I'll admit it: David Ortiz is my favorite Red Sox player since I started following the team in the early 80s. He's the most clutch hitter I've ever seen and sitting in Fenway Park and watching his swing is alone worth the steep price of admission. He's one of those players who today's Red Sox fans will tell their grandkids about, and they'll describe him as a majestic, almost super-human presence. Perhaps not surprisingly, he's also incredibly likeable, adroitly handles media and fan requests, and does a lot of charity work. In fact, I don't think you could find a single person who would say something bad about David Ortiz, the runner up for the 2005 AL MVP award. He only further endeared himself to Red Sox fans by taking a steep hometown discount in 2004 when signing a 2-year contract worth $12.5 million, with a team option for the 2007 season at $7.7 million.

So I was naturally pleased to read that the Red Sox are about to sign him to a four-year contract extension worth $50 million. He could have become a free agent at the end of the 2007 season, but now "Big Papi" will likely remain with the Sox for the rest of the decade.

Not all Red Sox fans are happy, though. Some of the baseball guys on the Sons of Sam Horn message board (whose membership includes Sox owner John Henry and pitcher Curt Schilling) believe that the contract will prove to be a financial albatross for the team, and they employ myriad statistical devices to evidence that assertion. The idea is that Ortiz, who is 30 years old, will decline in production over the course of the contract, and that the 2007-2010 version of David Ortiz will be vastly inferior to the outstanding 2003-2005 version. For instance, a poster named "Fratboy" studied Ortiz's "Marginal Value Over Replacement Player" and concluded, "he'll be wildly overpaid in 2008, 2009, and 2010, and these are the weighted mean projections! Any regression that occurs would be detrimental. You shouldn't be paying $13 million for a $4 million player."

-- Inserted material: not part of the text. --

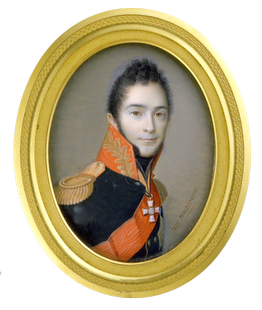 Николай Каменский, миниатюра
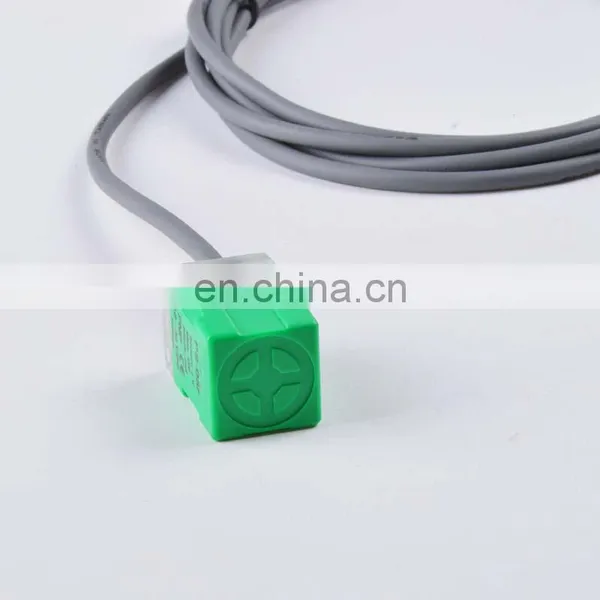 PS-05P PNP NO 5mm Detection Inductive Proximity Sensor Switch DC 10-30V General Corner Type & Square Proximity Sensor Switches photo-2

Let's say these gloomy projections are correct and that the great Ortiz indeed devolves into a pedestrian hitter towards the end of his contract. Here's my reaction: Who cares? Ortiz has been profoundly underpaid over the last three seasons, so overpaying him now can be seen as a contractual balancing to a most deserving franchise player and one who exudes all of the spirit and passion expected of a future legend. And plus, think of the message it sends to younger Sox players, who might later approach the bridge that could lead them out-of-town for more money: if you're good to us now by taking a hometown discount, we'll be good to you later by overpaying you then. Granted, that's a "risk" that some players may later regret taking, as they may perform worse than expected after taking a hometown discount, but the point is that by overpaying Ortiz, the Sox can more credibly make that promise.

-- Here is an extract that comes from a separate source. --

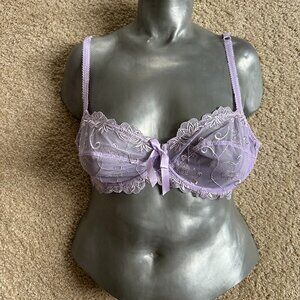 Bra lavender color 38 D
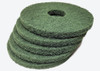 ETCJA12GRNBX5  FLOOR PADS, 12" GREEN (5 PACK)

Plus, now the Sox and Ortiz avoid the inevitable distraction that arises when a franchise player starts to publicly discuss free agency, as well as the acrimony that often emerges when that player becomes a free agent. And although no number or statistical equation will confirm this, distraction and acrimony are real costs inflicted upon a franchise, its players, and its fan base. Red Sox fans know that all too well from the team's prolonged, embittered, and ultimately failed efforts to re-sign Nomar Garciaparra, who was eventually traded to the Cubs, or Pedro Martinez, who signed with the Mets (subjects that I address in a forthcoming article in the Brooklyn Law Review).

But more conceptually, should new contracts only reflect future performance, or should they also reflect past performance? In other words, what are we actually paying these guys for, the past or the future or both? And what is loyalty really worth, and what does the absence of loyalty really cost?